■ **Exercise goal**
Print the lines that start the entries and continue through the one holding "I think the", please, exactly and with the pictures omitted.

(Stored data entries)
-=-=-=-=-
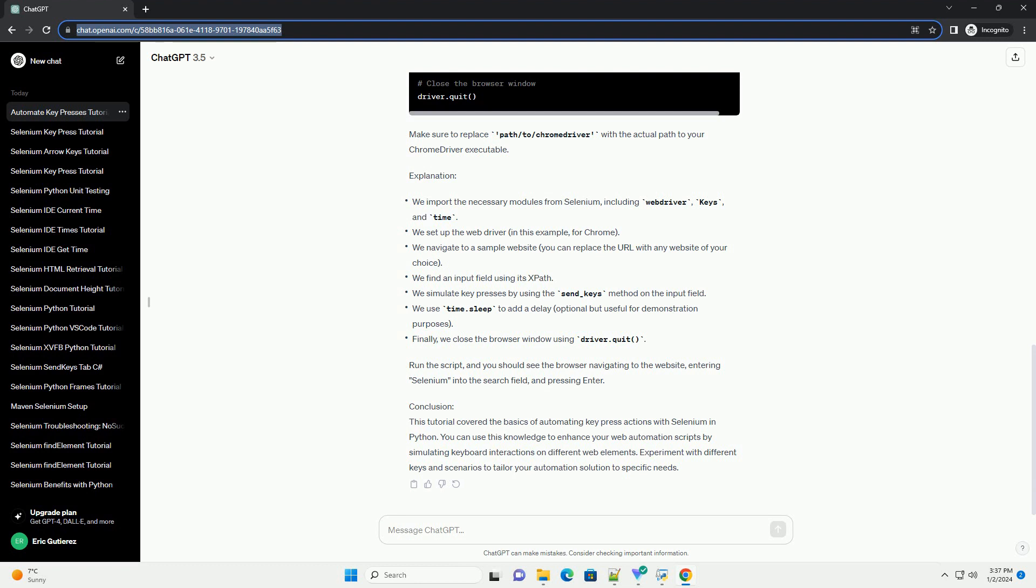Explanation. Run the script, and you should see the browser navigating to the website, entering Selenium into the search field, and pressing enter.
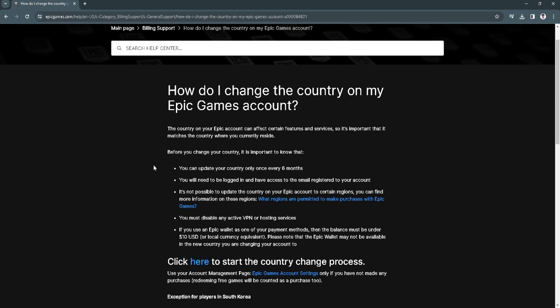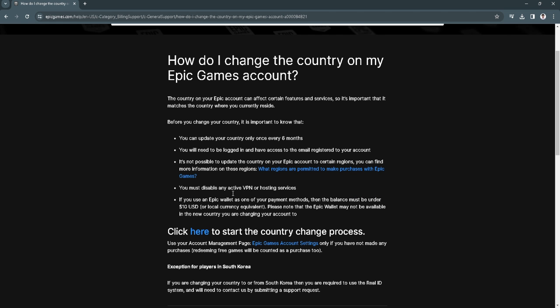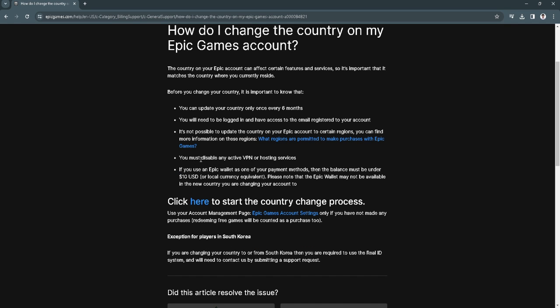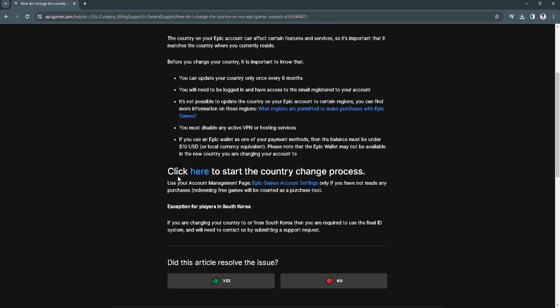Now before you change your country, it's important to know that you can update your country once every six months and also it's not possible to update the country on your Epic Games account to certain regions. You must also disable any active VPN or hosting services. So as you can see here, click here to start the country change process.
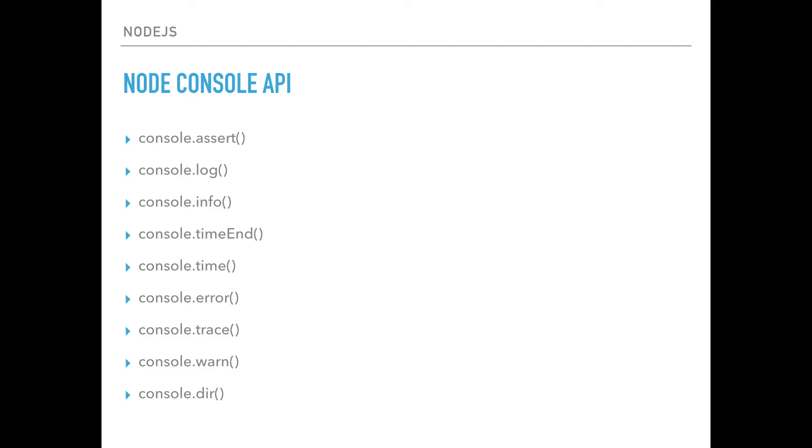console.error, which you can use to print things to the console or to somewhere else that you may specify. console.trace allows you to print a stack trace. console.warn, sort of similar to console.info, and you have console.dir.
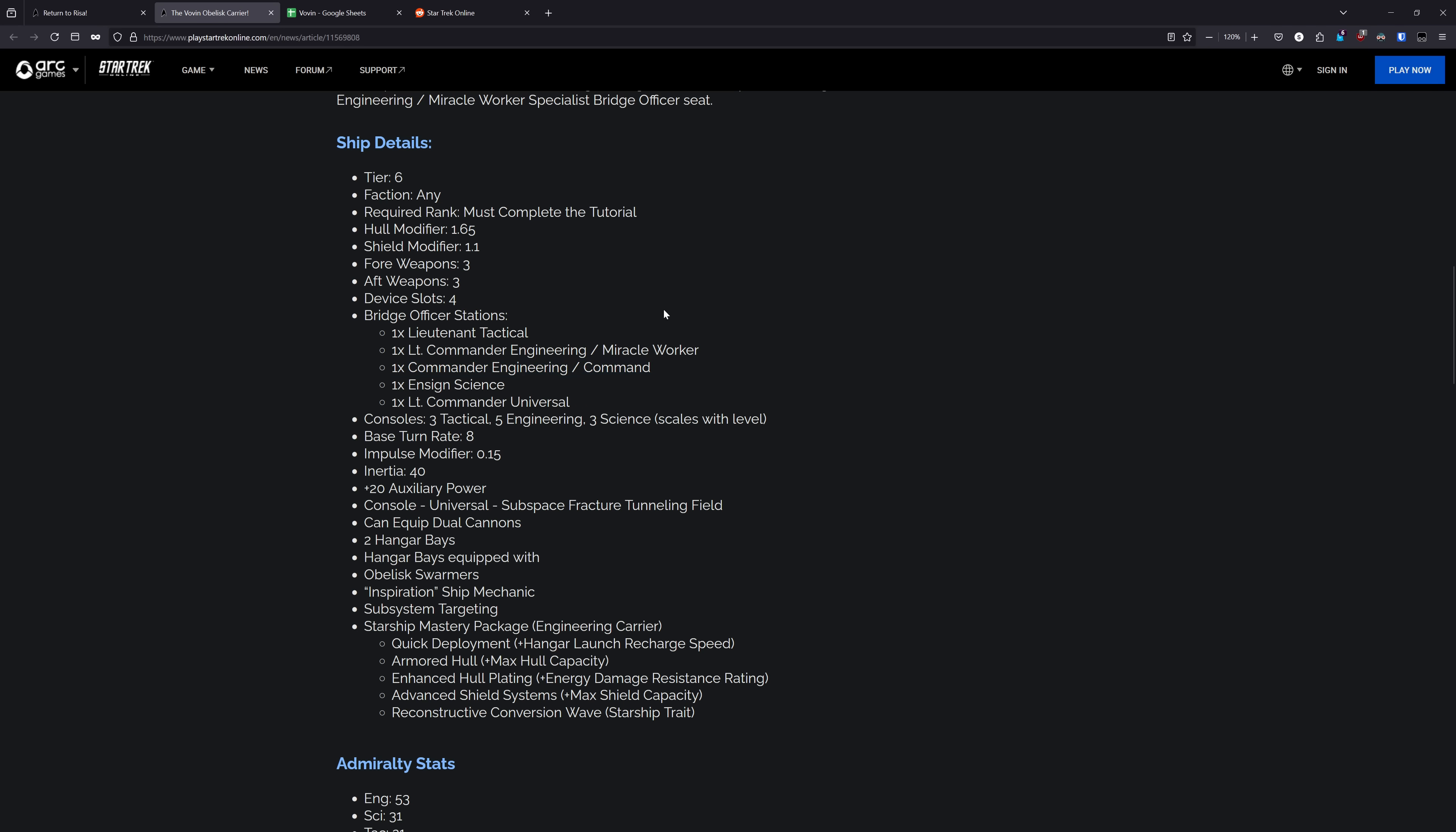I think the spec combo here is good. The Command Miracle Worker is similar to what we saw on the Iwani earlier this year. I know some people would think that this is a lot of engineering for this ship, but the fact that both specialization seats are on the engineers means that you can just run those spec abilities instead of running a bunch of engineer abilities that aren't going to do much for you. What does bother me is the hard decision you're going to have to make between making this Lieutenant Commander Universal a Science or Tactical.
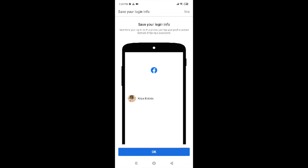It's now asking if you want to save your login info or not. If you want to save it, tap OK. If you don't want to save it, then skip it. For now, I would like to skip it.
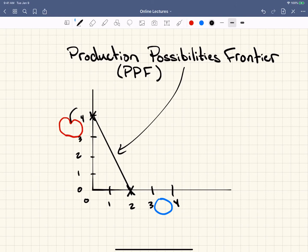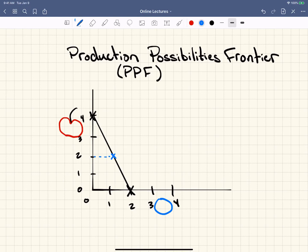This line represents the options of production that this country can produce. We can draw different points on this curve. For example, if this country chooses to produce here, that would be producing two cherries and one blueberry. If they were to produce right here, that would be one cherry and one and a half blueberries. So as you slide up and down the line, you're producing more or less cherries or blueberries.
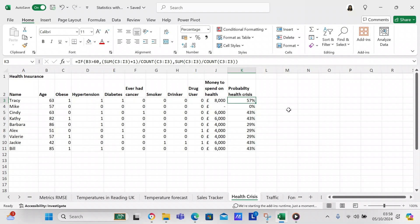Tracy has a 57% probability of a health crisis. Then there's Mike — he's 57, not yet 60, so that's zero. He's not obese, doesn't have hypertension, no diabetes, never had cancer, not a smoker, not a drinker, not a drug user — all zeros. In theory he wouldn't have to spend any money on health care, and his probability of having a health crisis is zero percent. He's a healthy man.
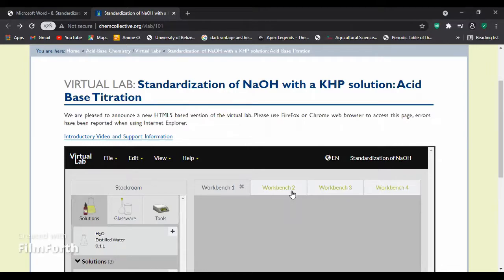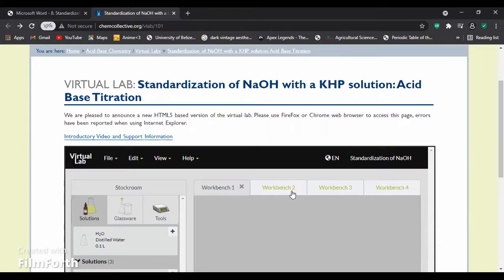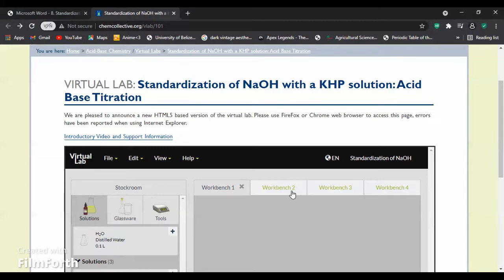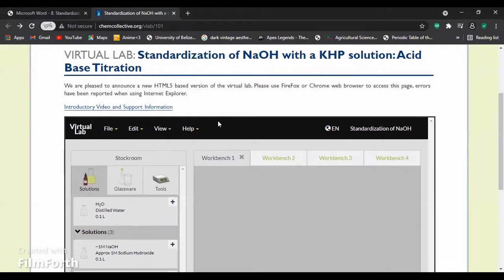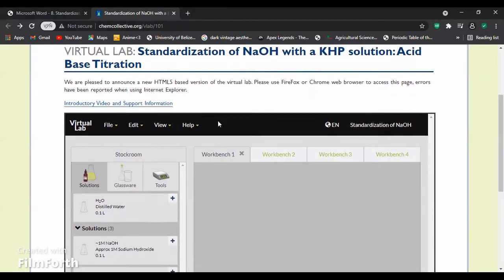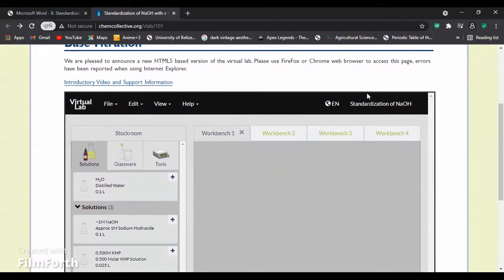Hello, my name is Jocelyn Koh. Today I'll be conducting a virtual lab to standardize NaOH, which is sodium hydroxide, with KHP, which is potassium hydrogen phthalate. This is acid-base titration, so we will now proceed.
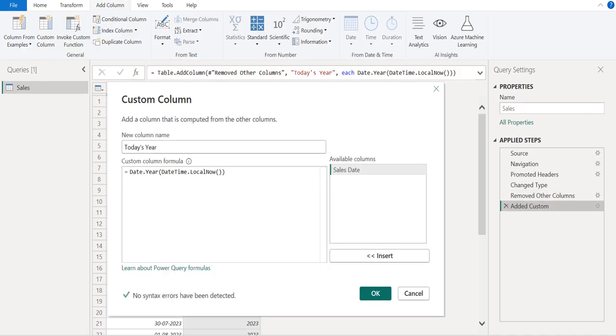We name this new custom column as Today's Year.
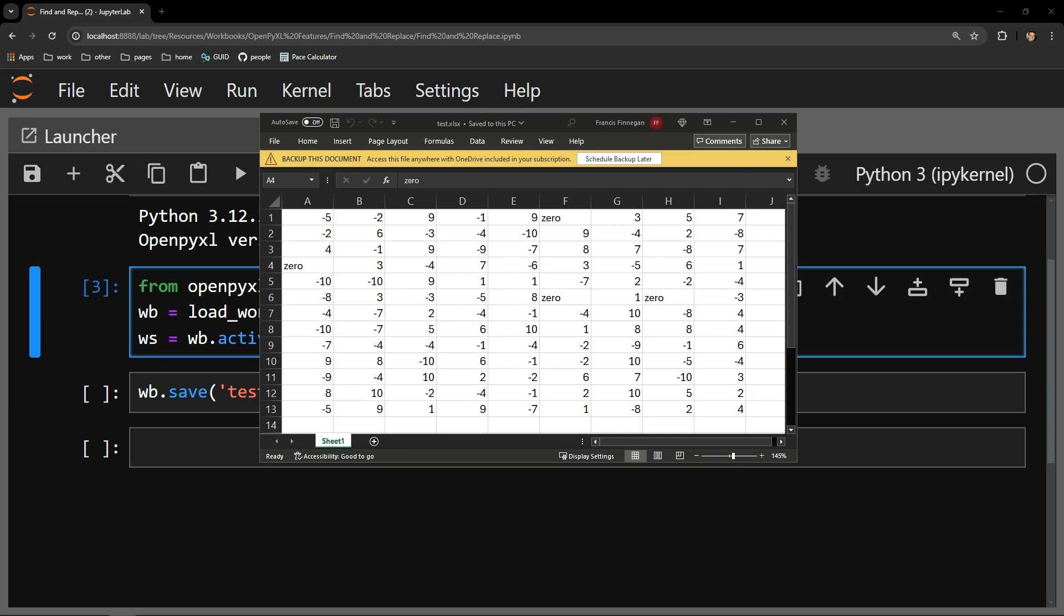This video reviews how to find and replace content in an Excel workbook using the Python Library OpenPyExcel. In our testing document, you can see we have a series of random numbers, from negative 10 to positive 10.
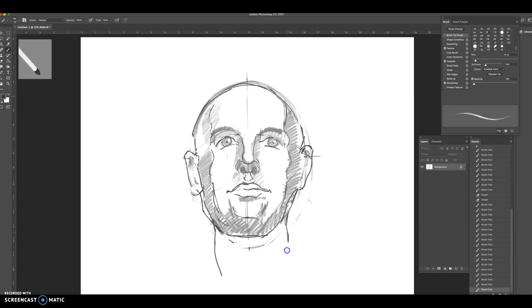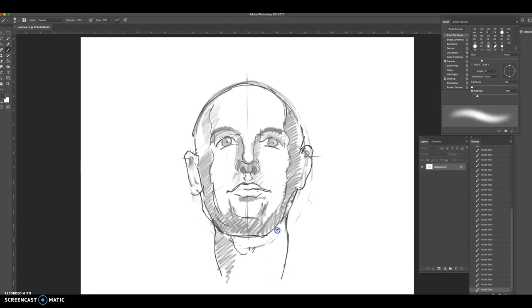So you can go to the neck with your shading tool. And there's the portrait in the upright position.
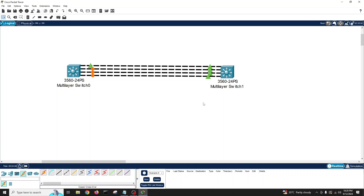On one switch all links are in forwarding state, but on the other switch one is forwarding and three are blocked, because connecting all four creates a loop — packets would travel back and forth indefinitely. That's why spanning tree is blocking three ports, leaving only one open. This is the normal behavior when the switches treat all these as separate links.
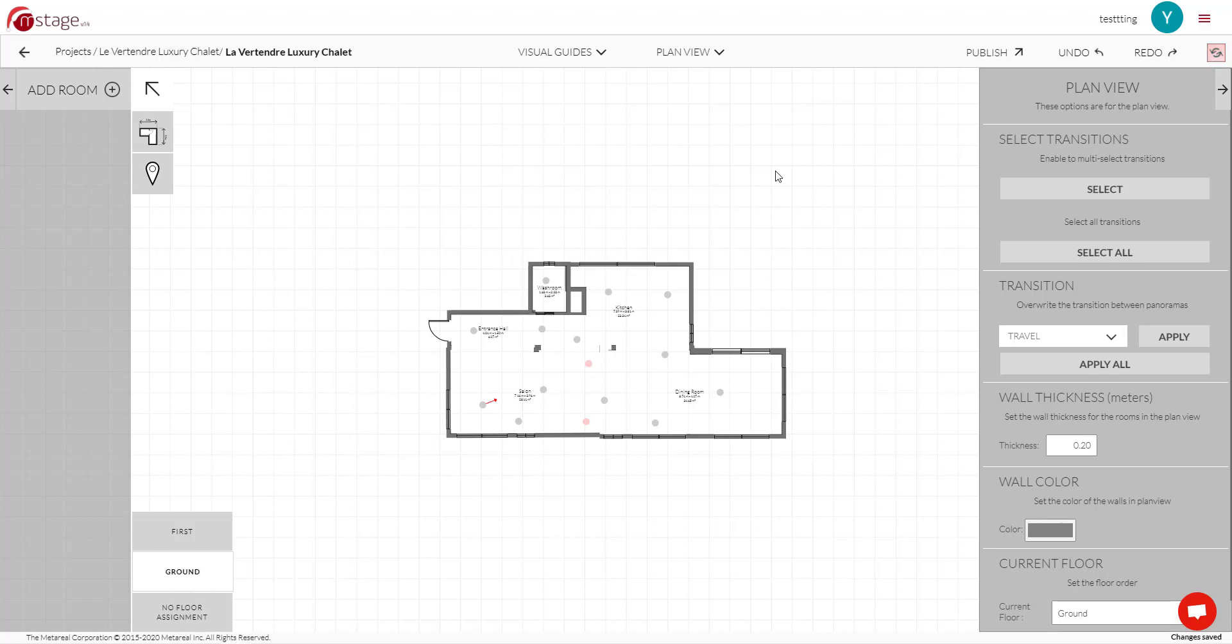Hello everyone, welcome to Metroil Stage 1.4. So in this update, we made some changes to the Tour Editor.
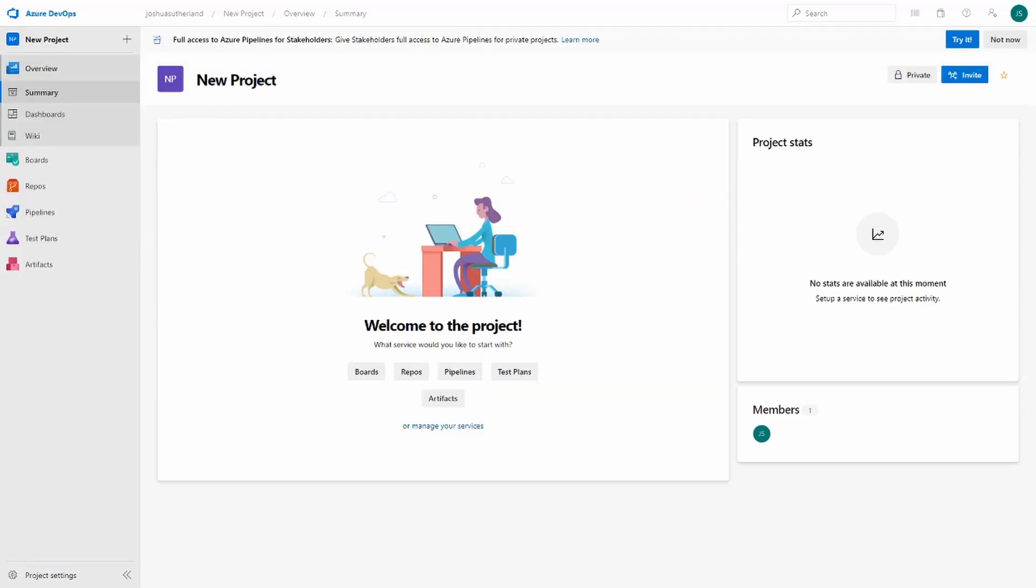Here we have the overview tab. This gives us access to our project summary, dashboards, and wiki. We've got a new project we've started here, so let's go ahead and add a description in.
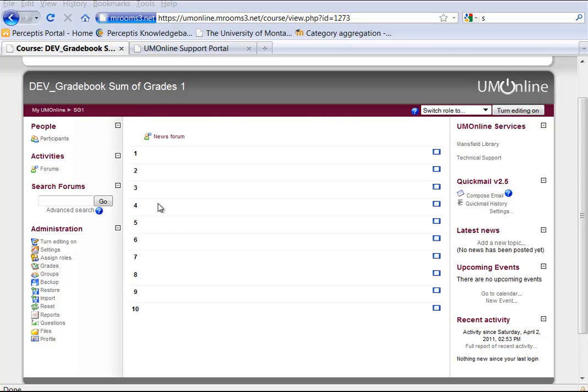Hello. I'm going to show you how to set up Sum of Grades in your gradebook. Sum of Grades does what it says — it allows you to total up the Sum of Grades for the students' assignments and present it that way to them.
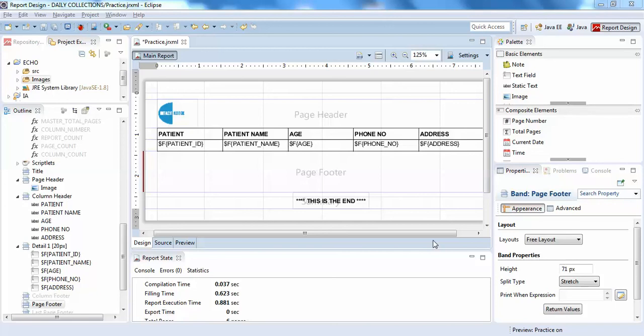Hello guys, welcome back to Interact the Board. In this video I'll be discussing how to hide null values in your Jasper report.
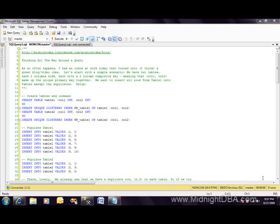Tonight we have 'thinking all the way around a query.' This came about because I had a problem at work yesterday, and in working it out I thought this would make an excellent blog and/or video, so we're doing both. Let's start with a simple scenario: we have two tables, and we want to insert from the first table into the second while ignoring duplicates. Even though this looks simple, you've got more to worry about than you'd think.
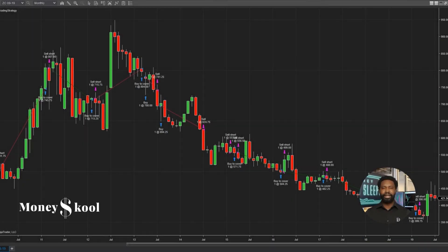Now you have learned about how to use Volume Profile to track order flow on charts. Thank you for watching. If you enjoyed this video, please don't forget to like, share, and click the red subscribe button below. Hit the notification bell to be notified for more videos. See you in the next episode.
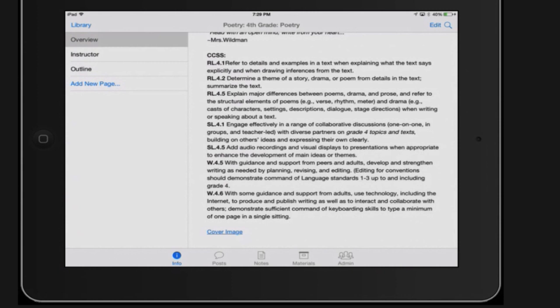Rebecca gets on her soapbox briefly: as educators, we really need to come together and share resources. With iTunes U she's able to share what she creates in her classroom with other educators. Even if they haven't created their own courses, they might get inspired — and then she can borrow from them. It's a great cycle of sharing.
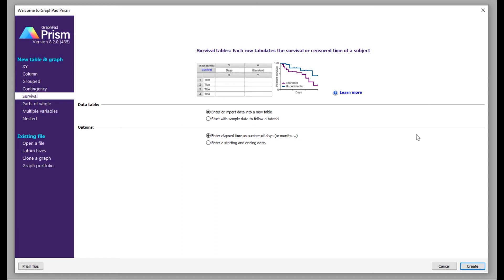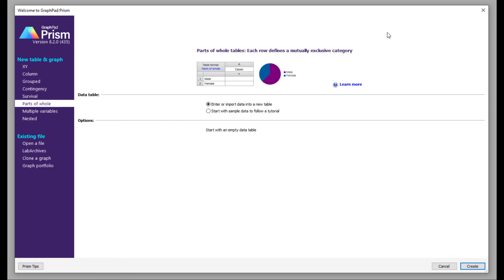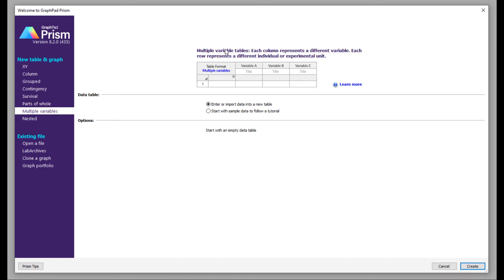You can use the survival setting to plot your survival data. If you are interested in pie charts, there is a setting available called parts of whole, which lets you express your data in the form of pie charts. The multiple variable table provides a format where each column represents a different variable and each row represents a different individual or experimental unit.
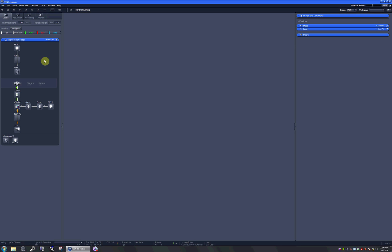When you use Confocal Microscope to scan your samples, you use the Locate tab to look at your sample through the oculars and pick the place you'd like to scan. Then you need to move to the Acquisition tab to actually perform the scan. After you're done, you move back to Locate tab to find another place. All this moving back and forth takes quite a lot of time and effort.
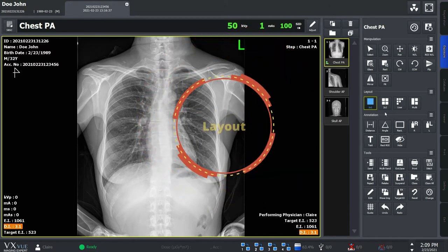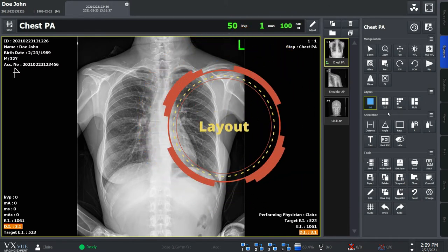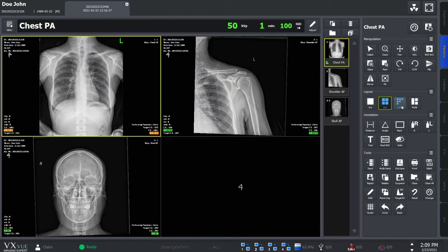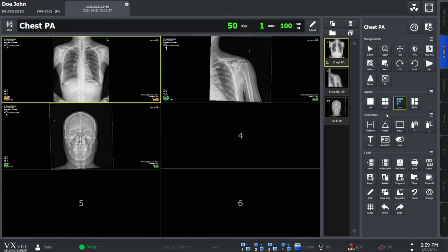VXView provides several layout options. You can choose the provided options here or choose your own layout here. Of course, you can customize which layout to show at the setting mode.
-=-=-=-=-
■ **Response to the exercise**
Explanation. Run the script, and you should see the browser navigating to the website, entering Selenium into the search field, and pressing enter.
Now before you change your country, it's important to know that you can update your country once every six months and also it's not possible to update the country on your Epic Games account to certain regions. You must also disable any active VPN or hosting services. So as you can see here, click here to start the country change process.
console.error, which you can use to print things to the console or to somewhere else that you may specify. console.trace allows you to print a stack trace. console.warn, sort of similar to console.info, and you have console.dir.
I think the spec combo here is good. The Command Miracle Worker is similar to what we saw on the Iwani earlier this year. I know some people would think that this is a lot of engineering for this ship, but the fact that both specialization seats are on the engineers means that you can just run those spec abilities instead of running a bunch of engineer abilities that aren't going to do much for you. What does bother me is the hard decision you're going to have to make between making this Lieutenant Commander Universal a Science or Tactical.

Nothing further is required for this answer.